Objectives: Transplantation offers better quality of life and long-term survival benefits. Further knowledge is needed regarding exercise in daily life of transplant recipients. Here, we investigated the relationship between exercise perception and physical activity level, body awareness, and illness cognition in renal transplant patients.
Materials and Methods: Our study included 53 renal transplant recipients (Standardized Mini-Mental Test score = 26.35 ± 1.36; age = 41.11 ± 13.52 year, body mass index = 25.96 ± 5.26 kg/m2, elapsed time after transplant = 3.68 ± 1.53 year). Perceived benefits and barriers to exercise, physical activity level, body awareness, and illness cognition were assessed with the Exercise Benefits/Barriers Scale, International Physical Activity Questionnaire, Body Awareness Questionnaire, and Patient Illness Perception Questionnaire, respectively. Correlations were estab-lished with Spearman test for nonparametric data, with regression analysis used to find determinants of physical activity levels.
Results: We observed correlations between physical activity level and perceived benefits and barriers to exercise. There was a positive relationship between body awareness and perceived benefits and barriers to exercise and also illness cognition, with significant correlation between perceived benefits and barriers to exercise and illness cognition (P < .05). Perceived benefits and barriers to exercise (P = .006, R = 0.373, R2 = 0.139, beta = 0.373, t = 2.867, F = 8.22) were determining factors for physical activity level.

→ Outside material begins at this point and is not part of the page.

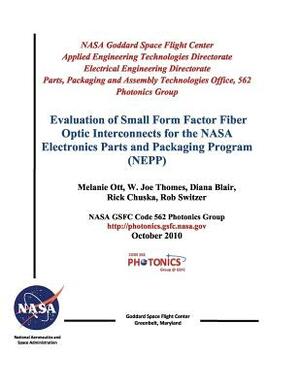 Evaluation of Small Form Factor Fiber Optic Interconnects for the NASA Electronics Parts and Packaging Program (Nepp) by National Aeronautics and Space Adm Nasa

Conclusions: Psychologic and physical factors, including negative emotions and body dissatisfaction, are risk factors for poor quality of life. Although it is important to increase quality of life, tools to enhance body awareness and to develop strategies to alter motor behaviors in daily living activities are needed. Treatment and assessment strategies on body awareness and illness perception should be considered, with emphasis on the importance of physical activity posttransplant.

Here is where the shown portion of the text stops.